Short web captions:
★ ★ ★ ★ ★ ★ ★

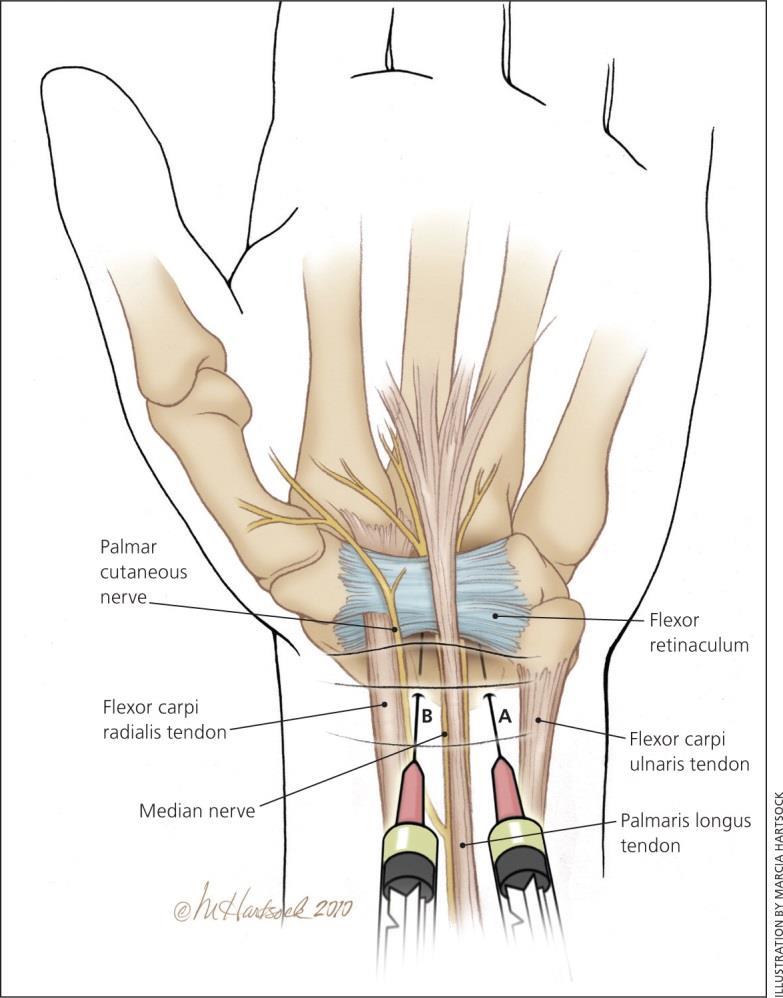 Carpal Tunnel Tip of the needle aimed here Ulnar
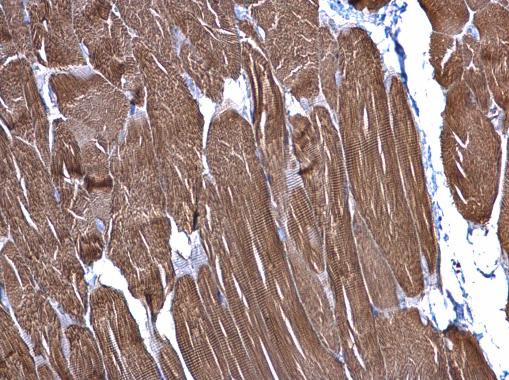 alpha-Cardiac Actin Antibody in Immunohistochemistry (Paraffin) (IHC (P))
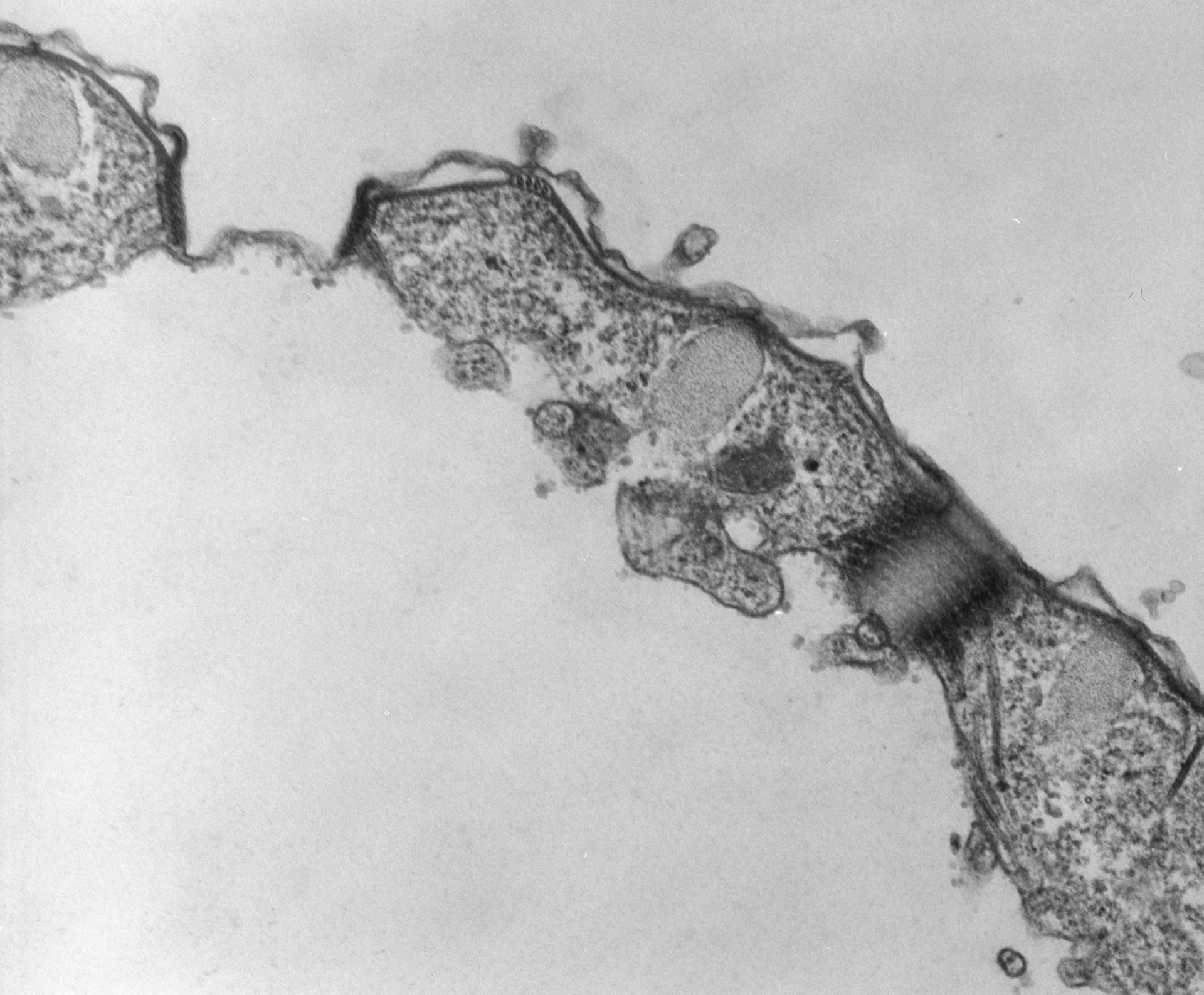 Tetrahymena pyriformis (Cell cortex) - CIL:39794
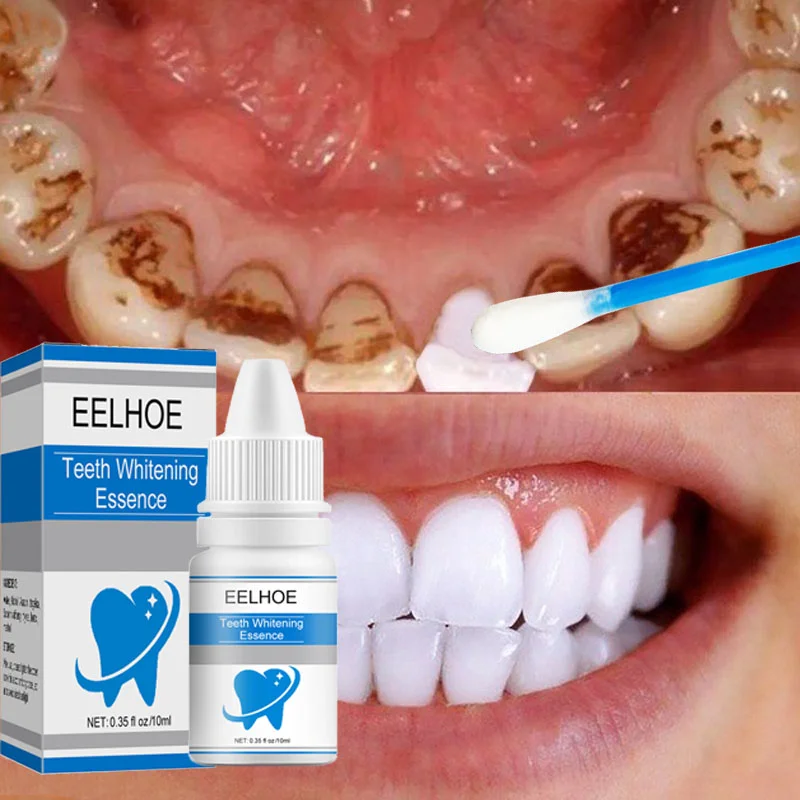 

Teeth Whitening Essence Remove Plaque Stains Fresh Breath Oral Hygiene Against Dental Caries Serum Dental Tooth Cleaning Tools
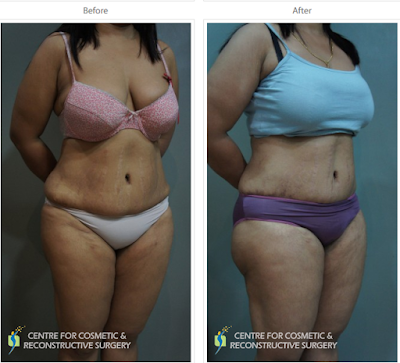 Liposuction in Mumbai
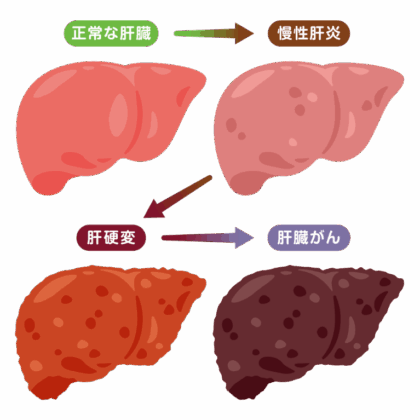 40～50代から罹患率が高くなる肝癌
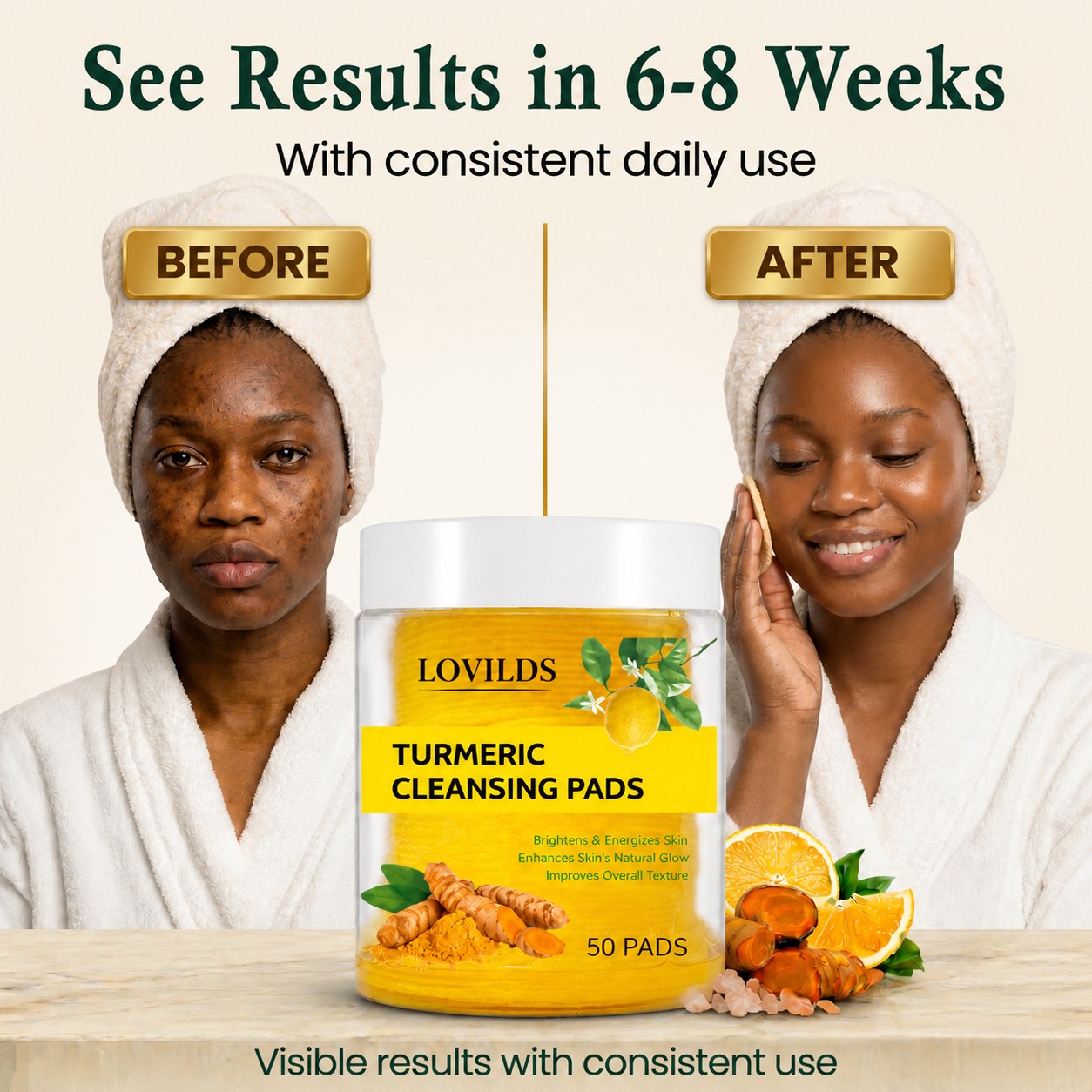 LOVILDS Turmeric Kojic Acid Cleansing Pads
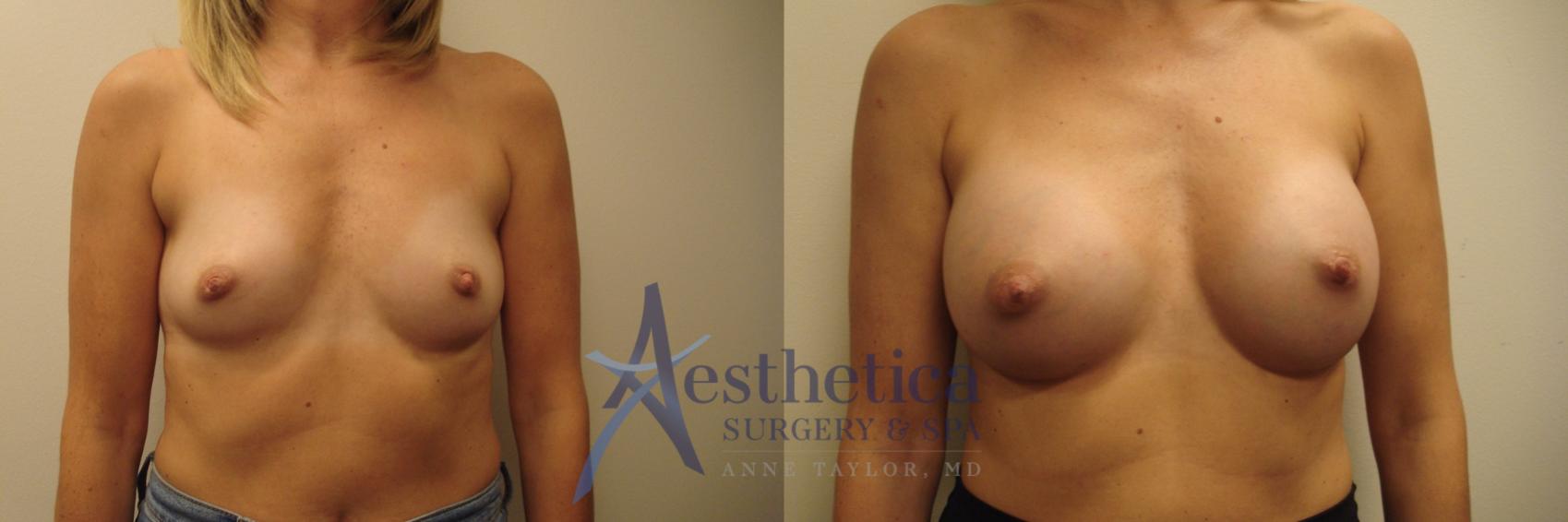 Breast Augmentation Case 679 Before & After Front | Columbus, OH | Aesthetica Surgery & Spa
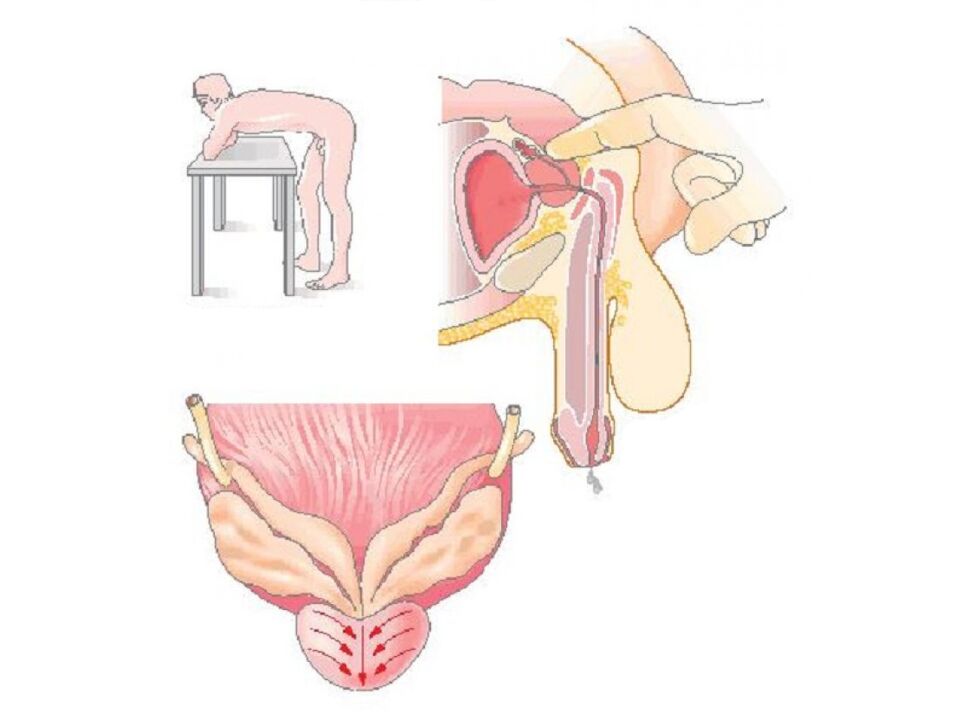 Prostate massage technique by a doctor to perform a secretion analysis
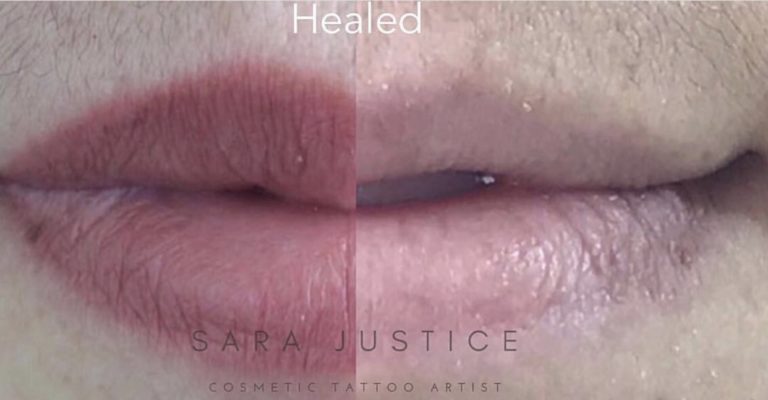 healed lips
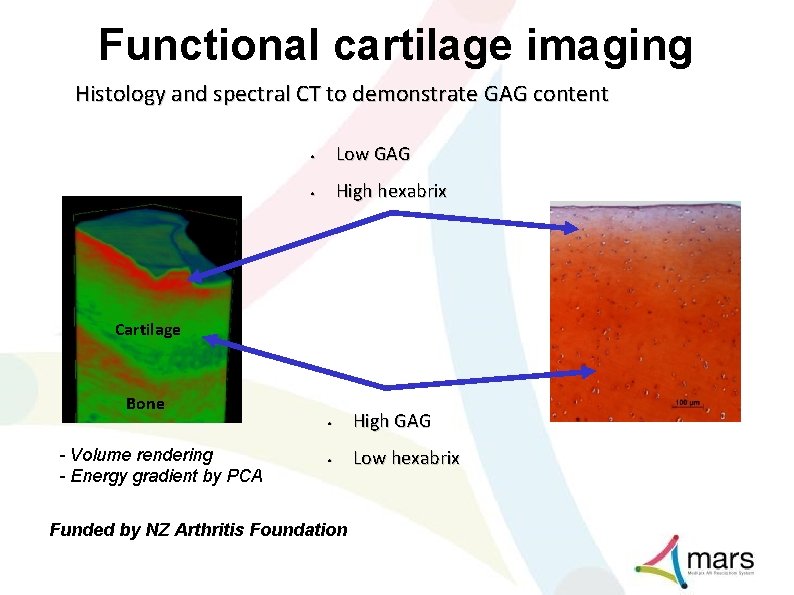 Functional cartilage imaging Histology and spectral CT to demonstrate GAG content • Low GAG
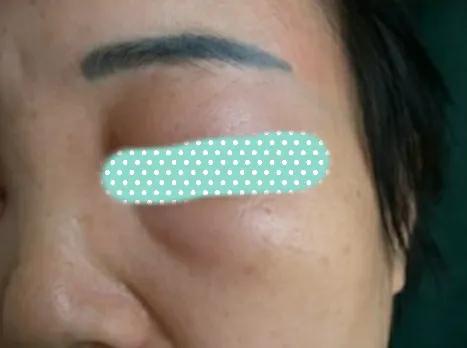 慢性荨麻疹吃什么药,慢性荨麻疹要吃中药调理吗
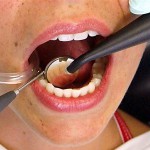 Ревматизм и лечение зубов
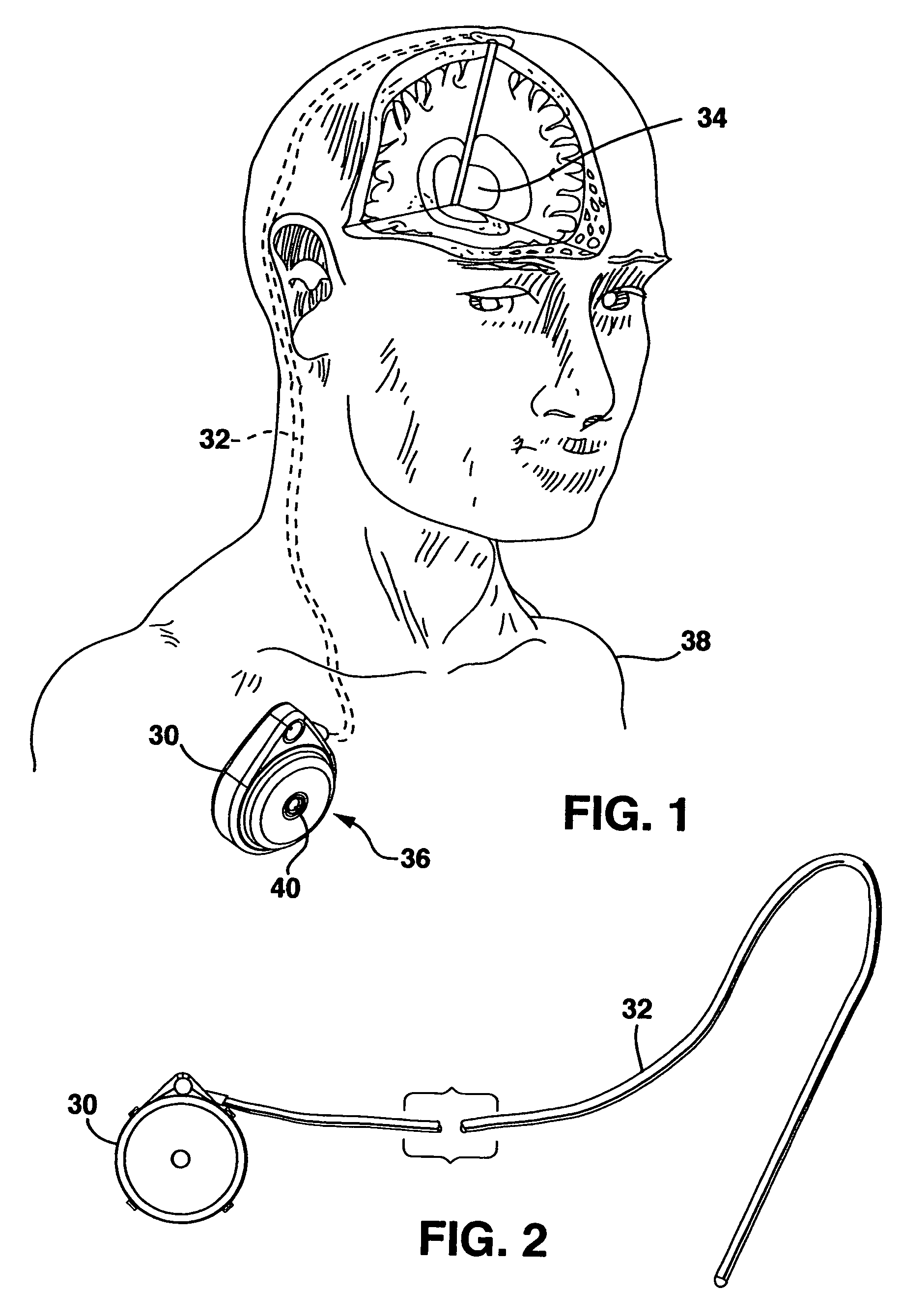 Implantable therapeutic substance delivery device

★ ★ ★ ★ ★ ★ ★

Exercise details: Give all the records again, exactly, without images.

Answer space:
 Carpal Tunnel Tip of the needle aimed here Ulnar
 alpha-Cardiac Actin Antibody in Immunohistochemistry (Paraffin) (IHC (P))
 Tetrahymena pyriformis (Cell cortex) - CIL:39794

Teeth Whitening Essence Remove Plaque Stains Fresh Breath Oral Hygiene Against Dental Caries Serum Dental Tooth Cleaning Tools
 Liposuction in Mumbai
 40～50代から罹患率が高くなる肝癌
 LOVILDS Turmeric Kojic Acid Cleansing Pads
 Breast Augmentation Case 679 Before & After Front | Columbus, OH | Aesthetica Surgery & Spa
 Prostate massage technique by a doctor to perform a secretion analysis
 healed lips
 Functional cartilage imaging Histology and spectral CT to demonstrate GAG content • Low GAG
 慢性荨麻疹吃什么药,慢性荨麻疹要吃中药调理吗
 Ревматизм и лечение зубов
 Implantable therapeutic substance delivery device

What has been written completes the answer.